So it's time for another open post. The rules are the same as before:
1. If you plan on parroting the party line of the medical industry and its paid shills, please go away. This is a place for people to talk openly, honestly, and freely about their concerns that the party line in question is dangerously flawed and that actions being pushed by the medical industry and its government enablers are causing injury and death on a massive scale. It is not a place for you to dismiss those concerns. Anyone who wants to hear the official story and the arguments in favor of it can find those on hundreds of thousands of websites.
2. If you plan on insisting that the current situation is the result of a deliberate plot by some villainous group of people or other, please go away. There are tens of thousands of websites currently rehashing various conspiracy theories about the Covid-19 outbreak and the vaccines. This is not one of them. What we're exploring is the likelihood that what's going on is the product of the same arrogance, incompetence, and corruption that the medical industry and its wholly owned politicians have displayed so abundantly in recent decades. That possibility deserves a space of its own for discussion, and that's what we're doing here.
3. If you plan on using rent-a-troll derailing or disruption tactics, please go away. I'm quite familiar with the standard tactics used by troll farms to disrupt online forums, and am ready, willing, and able -- and in fact quite eager -- to ban people permanently for engaging in them here. Oh, and I also lurk on other Covid-19 vaccine skeptic blogs, so I'm likely to notice when the same posts are showing up on more than one venue.

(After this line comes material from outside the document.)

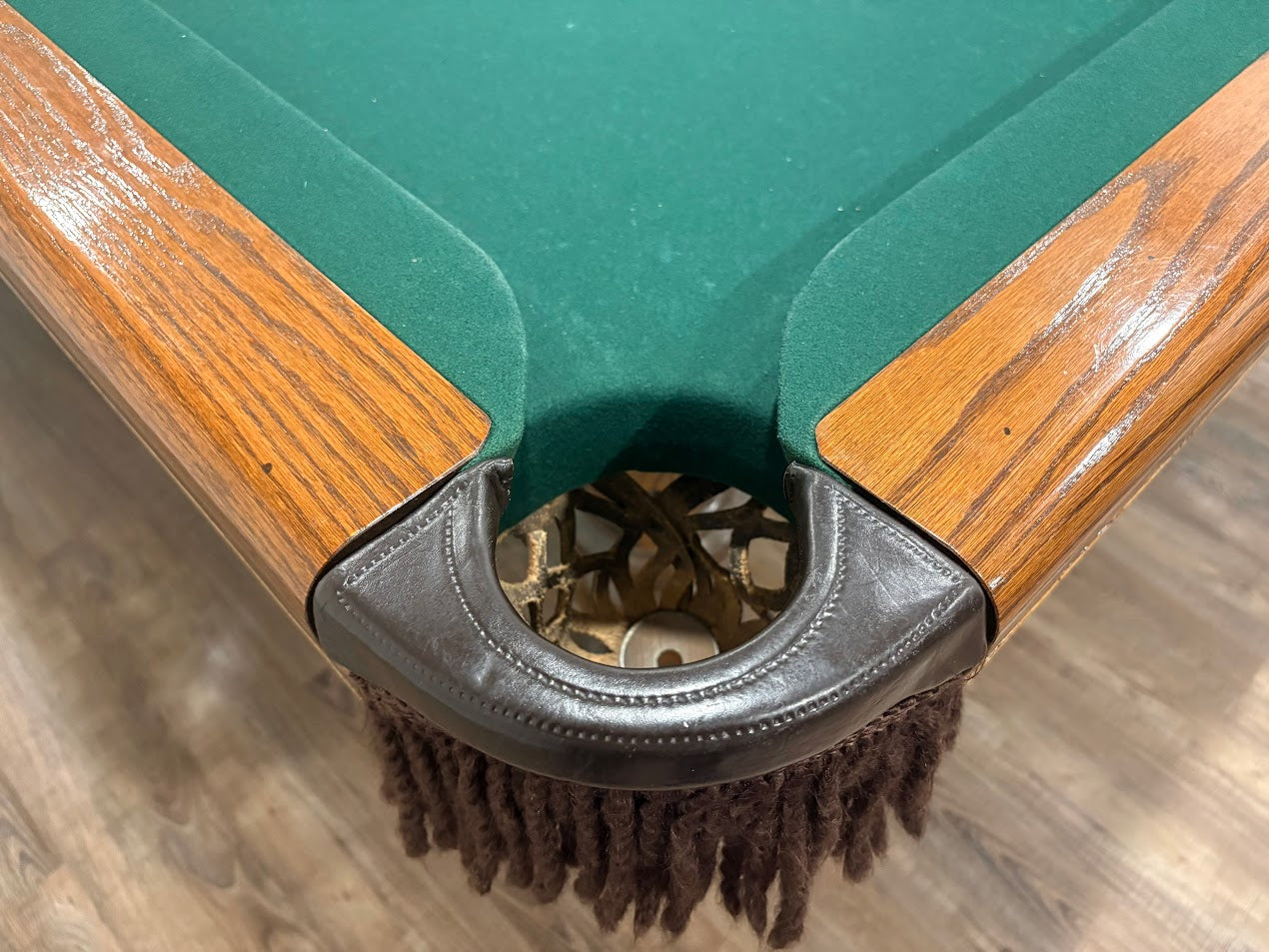 9' Dufferin Classic Preowned Snooker/Pool Table | Roasted Oak Slate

4. If you plan on making off topic comments, please go away. This is an open post for discussion of the Covid epidemic, the vaccines, drugs, policies, and other measures that supposedly treat it, and other topics directly relevant to those things. It is not a place for general discussion of unrelated topics. Nor is it a place to ask for medical advice; giving such advice, unless you're a licensed health care provider, legally counts as practicing medicine without a license and is a crime in the US. Don't even go there.

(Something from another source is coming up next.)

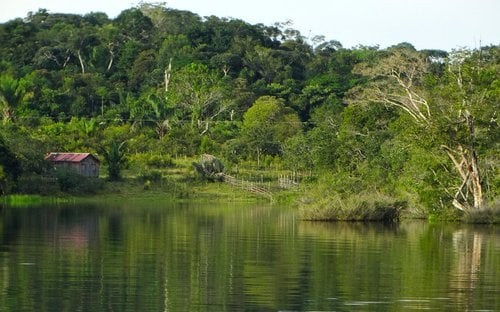 Aqua Expeditions luxury small ship expedition cruising the Amazon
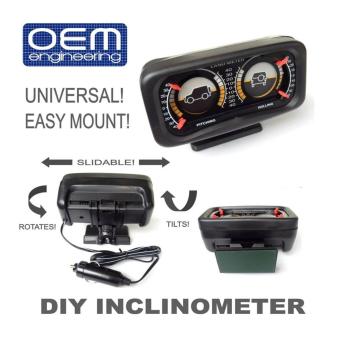 OEM Engineering DIY Car Inclinometer 4X4 Offroad Car Gauge Carcompass June 2018 - 4 OEM Engineering DIY car Inclinometer 4X4 Offroad Car Gauge Carcompass - 4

5. If you don't believe in treating people with common courtesy, please go away. I have, and enforce, a strict courtesy policy on my blogs and online forums, and this is no exception. The sort of schoolyard bullying that takes place on so many other internet forums will get you deleted and banned here. Also, please don't drag in current quarrels about sex, race, religions, etc. No, I don't care if you disagree with that: my journal, my rules.
6. Please don't just post bare links without explanation. A sentence or two telling readers what's on the other side of the link is a reasonable courtesy, and if you don't include it, your attempted post will be deleted.

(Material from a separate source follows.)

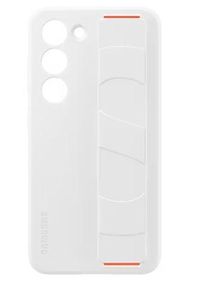 Protectie Spate Samsung EF-GS911TWEGWW pentru Samsung Galaxy S23 (Alb)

Please also note that nothing posted here should be construed as medical advice, which neither I nor the commentariat (excepting those who are licensed medical providers) are qualified to give. Please take your medical questions to the licensed professional provider of your choice.
With that said, the floor is open for discussion.
Re: Randomized clinical trial
Re: Randomized clinical trial
(Anonymous) 2025-04-16 06:50 pm (UTC)(link)But if a geological study is looking for oil, where there is gigantic money involved (look at current politics), nobody's going to fake data. You're either right or you're wrong, provably so, and putting out wrong data would be devastating to one's reputation.
And if the study is about the atmospheric composition of a planet several light-years away, or the chemical constituents of rhubarb, or the number of weevil species in New Caledonia, there is hardly any chance that the results are being faked. The only reason to do such a study is because you want to know the reality. The folks doing basic science should not be tarred with the same brush as the worse end of the applied-science crowd. I remember many years ago you wrote that you hoped ecology would survive the downfall of science. That won't happen if anyone who engages in systematic hypothesis-testing or data collection gets demonized as we go down.
Re: Randomized clinical trial
Re: Randomized clinical trial
(Anonymous) 2025-04-17 12:11 am (UTC)(link)Before I started this line of discussion I had not read your ecosophia.net essay yet (forgot it was Wednesday ... glad you're returning to the topic of decline). Had I done so, I'd have quoted your: "one of the core reasons that modern medicine does such a poor job of dealing with so many health conditions, for example, is that our medical researchers try to find a single cause for conditions that are the product of many intersecting factors..."
That's an inherent flaw, or weakness, of science. What really happens is too complex to be studied in any affordable way or feasible timeframe, so people wind up doing studies of genetically identical caged rodents with only a single factor varying at a time. Of course the results of these various studies don't all jibe with each other, because the setup is totally artificial, and if results reflect a generally applicable real relationship, or the lack of one, it's in large part through luck.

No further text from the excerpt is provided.